Is it better to Save or to Pay Off Debt?

Screen Shot 2017-06-17 at 1.51.16 PMIt’s easy to feel pressured to have a savings account or some type of investment. Is it better though to be saving or to be paying off debt?

Let’s have a look at some ways to calculate the answer…

Interest Rate

Generally speaking (and almost always) the interest that you earn on savings is far less than what you would pay on debt. Let’s look at an example…

You bank account may give you 4 – 6% (as an example) and fixed-term savings accounts may give you a bit more. Unit Trusts or other investments will probably be even more although they vary each month but you can get a general idea of the growth by looking at an investment summary sheet.

Debt – whether on store accounts or credit card is often charged a much higher interest rate. Add to that “fees” and penalties and all sorts of made up costs. Store accounts are designed to trick you because they often offer 3 or 6 months interest free debt, but remember that they charge you other fees each month (club fees or Special Member fees). And, if your debt is not paid within the interest-free period, they hit you with very high rates.

Thus; find out the interest that you would earn if you save your money and find the interest that you are charged (look for your account where you are charged the highest interest). That should give you your answer. Most of the time it is better to pay off debt!

Tip: If you have a home loan that you can access (pay extra into and withdraw when you need it) then you can save money by paying off your loan. If you pay extra into your loan account you will earn interest at the rate of your loan (currently in South Africa home loans are offered at around 12% interest). This is a good way to save for emergencies but at the same time you are paying off debt.

The Cost of Debt

Let’s look at a simple example of how much debt can cost you. If you have 1000 and you put in in a savings account for 1 month with an interest rate of 4.5% you would earn 3.75 interest. If you owe 1000 on a loan and the monthly interest rate is 20% you would pay 16.66 in interest.
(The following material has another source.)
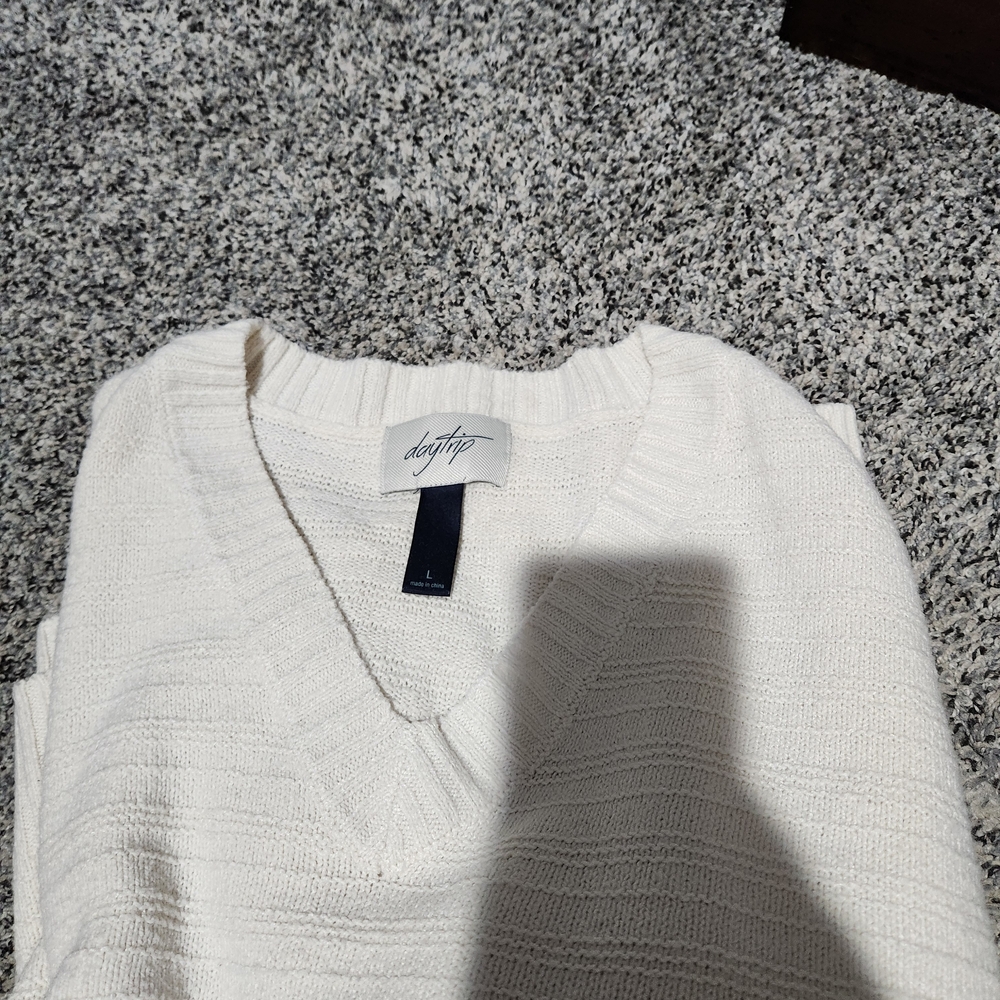 Daytrip Women's Cream Sweater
Thus, if you “save” your 1000 for the month it is actually costing you money! You will have to pay 16.66 interest on your loan and yet you only earn 3.75 on your savings. You have to pay 12.92.

In this example, if you choose to save the extra money, it is actually costing you money and not saving at al!

Risk

Did you know that is most cases (if not all) the creditor (person or company you owe money to) can call up your debt at any time and insist that you pay it immediately. This is especially true for banks who can call up your home loan. This would put you in a terrible situation and could be disastrous to you and your family.

Debt always comes with a risk and therefore it is better to pay your debt as quickly as possible! Being in charge of your money means that you minimize risk by knowing and understanding the consequences of what you do.

Peace of Mind

Having debt causes stress. It’s not nice knowing that you owe someone money and especially if you are struggling to pay it. The consequence of not paying your debt can be dire and this all adds to your stress levels.

If you have the choice of saving 500 in your bank or paying debt off you should consider the peace of mind that you could “buy” yourself. Having no debt would be a wonderful feeling so if you can get to that state by slowly planning, budgeting and working towards being debt-free this would bring great relief to life.

Summary

It is probably a good idea to have a small amount of savings that can be used for emergencies; but generally speaking it is far better to pay off debt rather than save. If you have any spare money at the end of the month work towards paying off your debt!

Have a look at this article on paying off your store cards and apply that principle to any forms of debt that you may have.

Why Save?

This site is all about saving, budgeting and in general taking charge of your money. But saving is hard and requires you to make sacrifices. Is it really worth the effort? You might think that it’s silly to work so hard and then not spend your money; surely that’s why you work and earn money in the first place!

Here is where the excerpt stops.